Произнеся мысленно эти слова, она почувствовала, как сильно напряжены ее нервы. Означает ли все это, что она снова сможет заполучить Джона? Не слишком ли ее занесло? Так человек, стоящий у подножия горы, пытается представить себе вид, который откроется ему с вершины, – туманная, далекая перспектива, едва ли вообще достижимая. Долгосрочная стратегия, столь высоко ценимая политиками и дипломатами, никогда не была сильной стороной Флер. Достижения ее относились скорей к сфере тактики. Она мастерски разыгрывала карты, бывшие у нее на руках, и сейчас поспешно их оценивала. Безусловно, главными ее козырями были: безупречное поведение после того, как роману с Джоном пришел конец; она оказала неоценимую поддержку мужу в его парламентской карьере; прекрасная хозяйка, она сумела создать для него и для себя твердое положение на зыбучем песке, именуемом «светское общество»; она произвела на свет второго ребенка – все это были факты чрезвычайно ценные. Даже обещание, данное умирающему отцу, даже его она считала берущей картой. Но еще большую ценность, чем все эти карты – вместе взятые или в отдельности, – имел тот факт, что никто (насколько она знала, абсолютно никто) не мог допустить и мысли, что она воспользуется хотя бы одной из этих карт, даже если кто-то рискнет заподозрить ее в желании остаться в игре.

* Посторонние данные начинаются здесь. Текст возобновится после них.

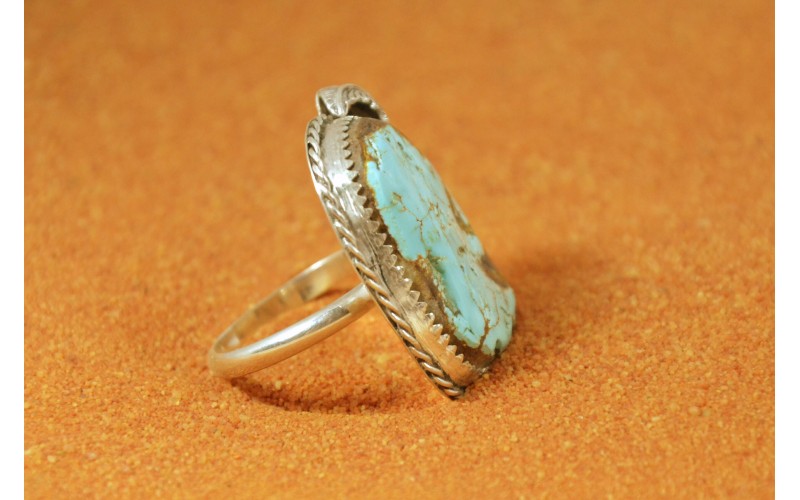 Bague turquoise-argent 925/1000-bijoux amérindiens-idéee cadeau-fait main-bohème-pièce unique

Этот нелицеприятный смотр своим возможностям и достаточно утешительные выводы подтолкнули Флер к действиям. Надо позвонить Уинифрид – наверное, она звонила по этому поводу. Но прежде всего надо просмотреть газету. Беглый осмотр гостиной, холла и Испанской столовой показал, что газета, обычно оставляемая Майклом в одной из этих трех комнат, отсутствовала.

Флер позвонила горничной, все еще взволнованной после допущенной ошибки с аргентинцем. Нет, мадам, она не убирала газеты. Тимс сделала реверанс и, поджав губы, вышла из комнаты, решив сохранить выражение лица невинно оклеветанной, до тех пор пока не спустится вниз и не расскажет обо всем кухарке.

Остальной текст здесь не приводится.